# **Women's E-Commerce Clothing Reviews**

23,000 Customer Reviews and Ratings.

> [**Kaggle Dataset**](https://www.kaggle.com/nicapotato/womens-ecommerce-clothing-reviews)

In [None]:
# Install Kaggle.
!pip install --upgrade --force-reinstall --no-deps kaggle

In [None]:
# Files Upload.
from google.colab import files

files.upload()

In [None]:
# Create a Kaggle Folder.
!mkdir ~/.kaggle

# Copy the kaggle.json to the folder created.
!cp kaggle.json ~/.kaggle/

# Permission for the json file to act.
!chmod 600 ~/.kaggle/kaggle.json

In [None]:
# Dataset Download.
!kaggle datasets download -d nicapotato/womens-ecommerce-clothing-reviews

In [None]:
# Unzip Dataset.
!unzip womens-ecommerce-clothing-reviews.zip

# **Multimodal Toolkit - Incorporate Tabular Data with HuggingFace Transformers**

*In real-world scenarios, we often encounter data that includes both text and tabular features.
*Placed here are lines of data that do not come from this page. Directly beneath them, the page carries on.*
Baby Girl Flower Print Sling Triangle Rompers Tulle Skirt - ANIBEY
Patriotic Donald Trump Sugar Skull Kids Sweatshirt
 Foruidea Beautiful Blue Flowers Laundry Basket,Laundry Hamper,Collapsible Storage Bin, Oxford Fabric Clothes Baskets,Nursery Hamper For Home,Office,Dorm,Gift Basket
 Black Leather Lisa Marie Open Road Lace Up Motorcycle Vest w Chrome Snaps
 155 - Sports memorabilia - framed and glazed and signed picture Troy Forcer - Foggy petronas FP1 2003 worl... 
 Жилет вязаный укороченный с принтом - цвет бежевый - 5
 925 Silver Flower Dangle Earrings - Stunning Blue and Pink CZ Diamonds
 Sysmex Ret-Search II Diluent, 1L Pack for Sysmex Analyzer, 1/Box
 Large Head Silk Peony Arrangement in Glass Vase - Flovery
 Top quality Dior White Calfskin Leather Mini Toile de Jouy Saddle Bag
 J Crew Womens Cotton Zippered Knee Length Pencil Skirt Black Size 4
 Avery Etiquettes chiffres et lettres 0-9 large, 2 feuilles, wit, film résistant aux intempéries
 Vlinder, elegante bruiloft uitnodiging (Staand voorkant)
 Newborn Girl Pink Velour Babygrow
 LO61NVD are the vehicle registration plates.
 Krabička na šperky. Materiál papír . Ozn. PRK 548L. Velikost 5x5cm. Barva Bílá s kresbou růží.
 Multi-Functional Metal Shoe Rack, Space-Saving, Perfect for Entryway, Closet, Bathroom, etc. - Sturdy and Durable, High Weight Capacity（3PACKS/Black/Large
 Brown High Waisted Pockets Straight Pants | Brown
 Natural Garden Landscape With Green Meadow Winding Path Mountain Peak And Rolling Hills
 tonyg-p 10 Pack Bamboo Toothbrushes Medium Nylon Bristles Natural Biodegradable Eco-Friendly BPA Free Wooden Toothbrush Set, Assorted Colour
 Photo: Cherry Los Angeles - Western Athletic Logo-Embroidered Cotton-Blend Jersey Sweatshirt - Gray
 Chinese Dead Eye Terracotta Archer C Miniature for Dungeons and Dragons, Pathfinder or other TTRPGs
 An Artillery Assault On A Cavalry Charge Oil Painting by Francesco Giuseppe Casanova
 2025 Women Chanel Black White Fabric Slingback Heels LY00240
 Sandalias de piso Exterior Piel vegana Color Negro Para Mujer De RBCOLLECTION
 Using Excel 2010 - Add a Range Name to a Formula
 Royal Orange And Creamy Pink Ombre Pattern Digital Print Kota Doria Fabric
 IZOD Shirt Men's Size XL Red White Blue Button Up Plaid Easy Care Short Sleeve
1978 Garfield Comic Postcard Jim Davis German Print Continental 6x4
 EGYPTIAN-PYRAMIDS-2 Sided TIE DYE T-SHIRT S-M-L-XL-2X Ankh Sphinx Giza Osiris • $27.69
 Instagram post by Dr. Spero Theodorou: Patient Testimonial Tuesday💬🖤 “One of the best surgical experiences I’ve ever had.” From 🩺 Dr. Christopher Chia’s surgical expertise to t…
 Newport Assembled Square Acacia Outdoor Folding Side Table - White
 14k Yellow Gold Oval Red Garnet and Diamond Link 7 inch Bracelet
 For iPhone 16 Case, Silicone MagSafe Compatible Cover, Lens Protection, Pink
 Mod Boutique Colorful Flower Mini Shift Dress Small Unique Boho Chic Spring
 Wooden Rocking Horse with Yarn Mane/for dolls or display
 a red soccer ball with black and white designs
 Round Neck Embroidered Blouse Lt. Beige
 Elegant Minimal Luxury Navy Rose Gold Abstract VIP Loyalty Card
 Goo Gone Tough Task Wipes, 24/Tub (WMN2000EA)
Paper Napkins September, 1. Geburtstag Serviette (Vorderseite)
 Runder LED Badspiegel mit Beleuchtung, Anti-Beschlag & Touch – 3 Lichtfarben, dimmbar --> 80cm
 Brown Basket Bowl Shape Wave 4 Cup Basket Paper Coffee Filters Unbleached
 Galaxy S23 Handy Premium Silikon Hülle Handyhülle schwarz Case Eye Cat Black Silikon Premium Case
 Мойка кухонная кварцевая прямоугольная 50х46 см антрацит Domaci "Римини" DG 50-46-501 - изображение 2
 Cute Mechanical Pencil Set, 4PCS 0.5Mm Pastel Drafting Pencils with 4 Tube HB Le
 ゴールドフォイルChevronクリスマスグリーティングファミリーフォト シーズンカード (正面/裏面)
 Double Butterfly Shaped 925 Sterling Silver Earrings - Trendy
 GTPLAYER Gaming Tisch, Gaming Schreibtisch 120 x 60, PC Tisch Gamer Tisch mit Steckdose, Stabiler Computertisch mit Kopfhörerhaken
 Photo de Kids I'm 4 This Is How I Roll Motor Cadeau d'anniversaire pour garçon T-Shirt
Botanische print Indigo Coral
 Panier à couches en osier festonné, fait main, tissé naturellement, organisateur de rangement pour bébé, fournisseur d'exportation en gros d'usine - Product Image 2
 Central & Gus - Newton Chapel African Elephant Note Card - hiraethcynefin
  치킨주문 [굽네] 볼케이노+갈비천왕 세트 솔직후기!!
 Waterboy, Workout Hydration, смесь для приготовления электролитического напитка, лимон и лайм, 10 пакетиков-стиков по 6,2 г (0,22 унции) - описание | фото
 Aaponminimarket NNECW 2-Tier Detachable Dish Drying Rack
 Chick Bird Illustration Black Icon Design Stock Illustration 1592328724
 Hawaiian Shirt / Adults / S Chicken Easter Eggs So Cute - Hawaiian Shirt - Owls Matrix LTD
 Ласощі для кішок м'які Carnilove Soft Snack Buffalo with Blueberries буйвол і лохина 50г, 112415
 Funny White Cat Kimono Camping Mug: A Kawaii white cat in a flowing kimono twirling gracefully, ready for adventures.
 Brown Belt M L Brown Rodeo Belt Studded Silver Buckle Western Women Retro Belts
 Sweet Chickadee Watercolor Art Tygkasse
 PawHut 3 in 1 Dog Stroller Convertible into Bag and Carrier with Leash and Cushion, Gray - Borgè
Leveraging the latest advances for transformers, effectively handling situations with both data structures can increase performance in our models.*

*   [**Multimodal Transformers | GitHub**](https://github.com/georgian-io/Multimodal-Toolkit)

*   [**Multimodal Transformers | Documentation**](https://multimodal-toolkit.readthedocs.io/en/latest/index.html)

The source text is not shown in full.